Protein Language Models, Transformers, Fine-tune, ESM2_t33_650M_UR50D, Error analysis
Key Takeaways
I finetune antibody specific and general protein language model for predicting binding affinity (Kd) between single-chain variable fragments (scFv) and the target the SARS-CoV-2 peptide.
esm2_t33_650M_UR50D model demonstrated superior performance compared to antibody-specific language models, namely antiberta2-cssp, antiberta2, and ablang-H. Notably, while the performance of ablang-H lagged significantly behind, the remaining three models showed relatively comparable results. However, it is important to note, esm2_t33_650M_UR50D is larger, containing about 650 million parameters, whereas both antiberta2 and antiberta2-cssp have around 202 million parameters.
My approach exceeded the original study’s Spearman rho (0.64 vs ~0.50) on hold-out set using just a single model, as opposed to the original study’s ensemble of 16 models.

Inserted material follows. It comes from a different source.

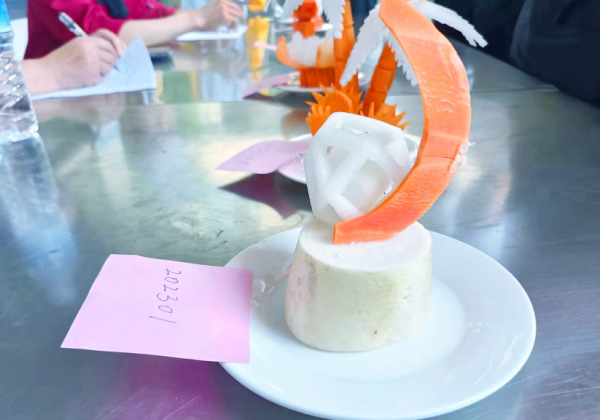 �в����רҵ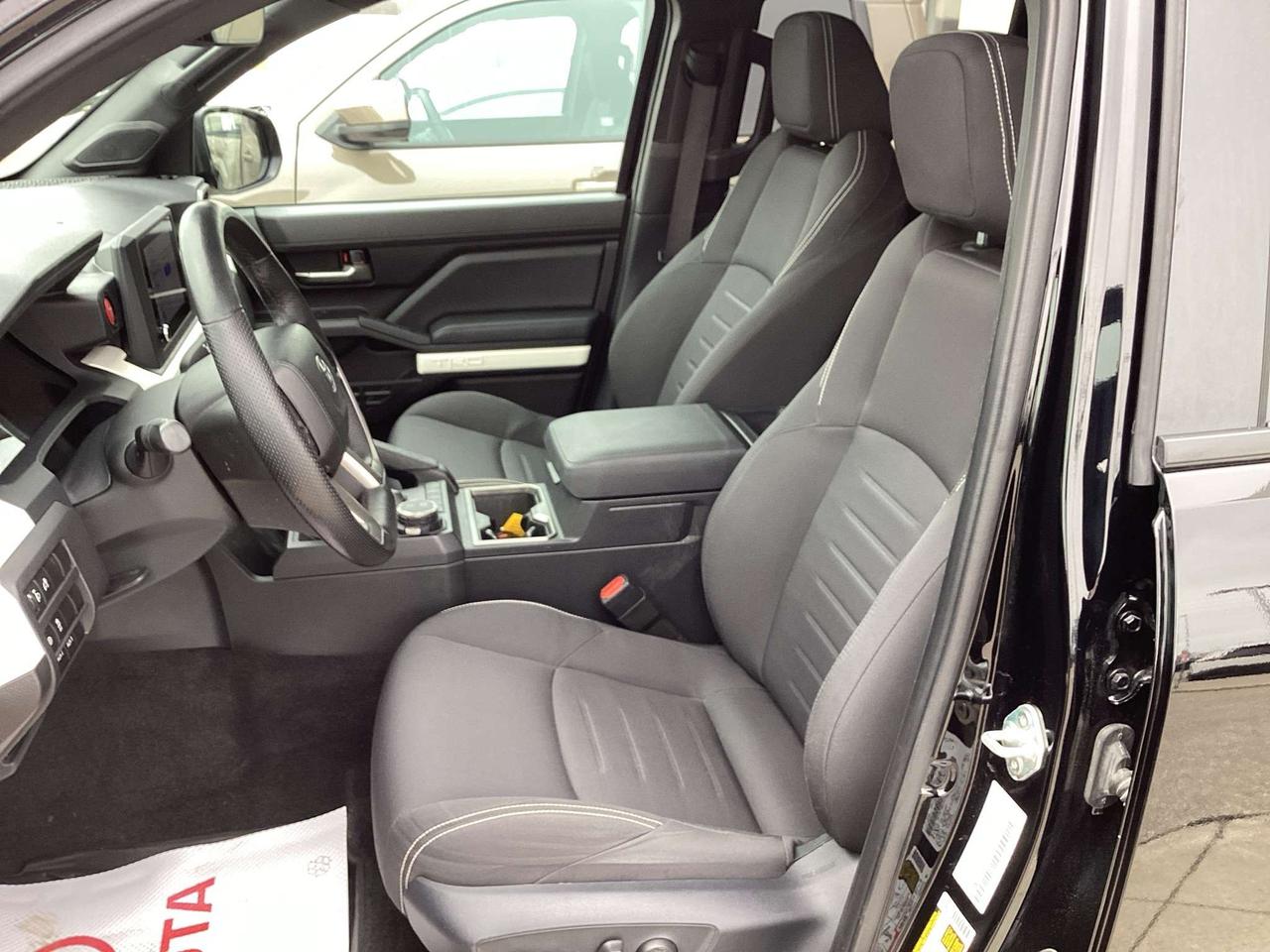 2024 Toyota Tacoma Double Cab TRD SPORT + Photo5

OpenAI’s CLIP model is quite impressive at connecting text with images, efficiently learning visual concepts from natural language supervision. Can we do the same for protein sequences and structure? Instead of text and images, we’re integrating protein sequences with their structural information.
In a series of four accessible notebooks we develop a multimodal training approach that integrates antibody sequence data with structural data using a contrastive learning framework inspired by OpenAI’s CLIP. We utilize the ESM2 model from Facebook’s Evolutionary Scale Modeling (ESM) suite as our base architecture. The model was fine-tuned with a custom head for contrastive learning, where the sequence and structural embeddings were projected into a common latent space. Our training process focused on minimizing the contrastive loss to ensure that sequences and their corresponding structures were closely aligned in this space. We called this model ESM2-Ab-CLIP.
We also evaluate the effect of ESM2-Ab-CLIP model on antibody binding affinity prediction task relative to the base ESM2 model. With ample data for fine-tuning, there were no additional benefits of multimodal training. However, the true strength of the ESM2AbCLIP model emerged under a low data regime. In this scenario, the ESM2AbCLIP model outperformed the base ESM2 model, on antibody binding affinity task as measured by spearmanr and Top 10% recall.
I fine-tuned both antibody-specific and general protein language models to predict the binding affinity (Kd) between single-chain variable fragments (scFv) and the SARS-CoV-2 peptide. This involved customizing models to better fit the specific characteristics of antibody-peptide interactions.The ESM2_t33_650M_UR50D model outperformed other antibody-specific language models. Despite being larger, with approximately 650 million parameters, it achieved superior performance compared to the smaller models like antiberta2-cssp and antiberta2, which each have around 202 million parameters. The abLang-H model, despite being a strong contender, lagged significantly behind. My approach surpassed the original Manage Publix passport study’s Spearman correlation coefficient (rho) score of ~0.50, achieving a rho of 0.64 on the hold-out set using a single model. This is a notable improvement, considering the original study employed an ensemble of 16 models to achieve a similar performance.